**EXERCISE REQUIREMENTS**
The answer is to contain only the line containing "Inversor de onda senoidal de" and the lines after it through the last one, each reproduced exactly as it appears below.

[Brief descriptive captions]
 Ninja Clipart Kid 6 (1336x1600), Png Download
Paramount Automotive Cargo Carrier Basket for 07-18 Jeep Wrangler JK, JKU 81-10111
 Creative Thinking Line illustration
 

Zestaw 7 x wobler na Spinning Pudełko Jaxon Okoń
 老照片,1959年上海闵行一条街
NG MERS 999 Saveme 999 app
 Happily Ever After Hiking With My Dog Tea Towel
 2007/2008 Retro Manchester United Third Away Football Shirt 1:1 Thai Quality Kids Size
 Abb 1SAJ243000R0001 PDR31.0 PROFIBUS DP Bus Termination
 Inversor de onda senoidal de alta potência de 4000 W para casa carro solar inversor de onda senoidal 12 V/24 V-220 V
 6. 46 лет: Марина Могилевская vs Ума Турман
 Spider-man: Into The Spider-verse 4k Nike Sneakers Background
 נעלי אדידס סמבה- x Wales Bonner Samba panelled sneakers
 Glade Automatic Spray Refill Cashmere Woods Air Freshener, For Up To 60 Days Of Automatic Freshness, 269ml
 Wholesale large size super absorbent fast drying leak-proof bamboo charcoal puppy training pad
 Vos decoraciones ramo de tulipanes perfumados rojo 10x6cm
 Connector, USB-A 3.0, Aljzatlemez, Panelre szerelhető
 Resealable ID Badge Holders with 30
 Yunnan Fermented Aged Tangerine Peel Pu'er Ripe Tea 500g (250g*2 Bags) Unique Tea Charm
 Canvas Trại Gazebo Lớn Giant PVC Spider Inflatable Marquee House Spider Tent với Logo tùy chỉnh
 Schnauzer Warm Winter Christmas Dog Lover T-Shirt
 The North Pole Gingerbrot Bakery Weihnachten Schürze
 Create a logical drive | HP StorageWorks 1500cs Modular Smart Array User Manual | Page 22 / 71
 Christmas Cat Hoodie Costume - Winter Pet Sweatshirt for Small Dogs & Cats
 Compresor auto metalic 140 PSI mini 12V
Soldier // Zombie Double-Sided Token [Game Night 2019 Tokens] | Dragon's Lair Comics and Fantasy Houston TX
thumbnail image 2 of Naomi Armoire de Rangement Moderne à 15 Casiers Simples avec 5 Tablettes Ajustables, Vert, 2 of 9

**WRITTEN RESPONSE**
 Inversor de onda senoidal de alta potência de 4000 W para casa carro solar inversor de onda senoidal 12 V/24 V-220 V
 6. 46 лет: Марина Могилевская vs Ума Турман
 Spider-man: Into The Spider-verse 4k Nike Sneakers Background
 נעלי אדידס סמבה- x Wales Bonner Samba panelled sneakers
 Glade Automatic Spray Refill Cashmere Woods Air Freshener, For Up To 60 Days Of Automatic Freshness, 269ml
 Wholesale large size super absorbent fast drying leak-proof bamboo charcoal puppy training pad
 Vos decoraciones ramo de tulipanes perfumados rojo 10x6cm
 Connector, USB-A 3.0, Aljzatlemez, Panelre szerelhető
 Resealable ID Badge Holders with 30
 Yunnan Fermented Aged Tangerine Peel Pu'er Ripe Tea 500g (250g*2 Bags) Unique Tea Charm
 Canvas Trại Gazebo Lớn Giant PVC Spider Inflatable Marquee House Spider Tent với Logo tùy chỉnh
 Schnauzer Warm Winter Christmas Dog Lover T-Shirt
 The North Pole Gingerbrot Bakery Weihnachten Schürze
 Create a logical drive | HP StorageWorks 1500cs Modular Smart Array User Manual | Page 22 / 71
 Christmas Cat Hoodie Costume - Winter Pet Sweatshirt for Small Dogs & Cats
 Compresor auto metalic 140 PSI mini 12V
Soldier // Zombie Double-Sided Token [Game Night 2019 Tokens] | Dragon's Lair Comics and Fantasy Houston TX
thumbnail image 2 of Naomi Armoire de Rangement Moderne à 15 Casiers Simples avec 5 Tablettes Ajustables, Vert, 2 of 9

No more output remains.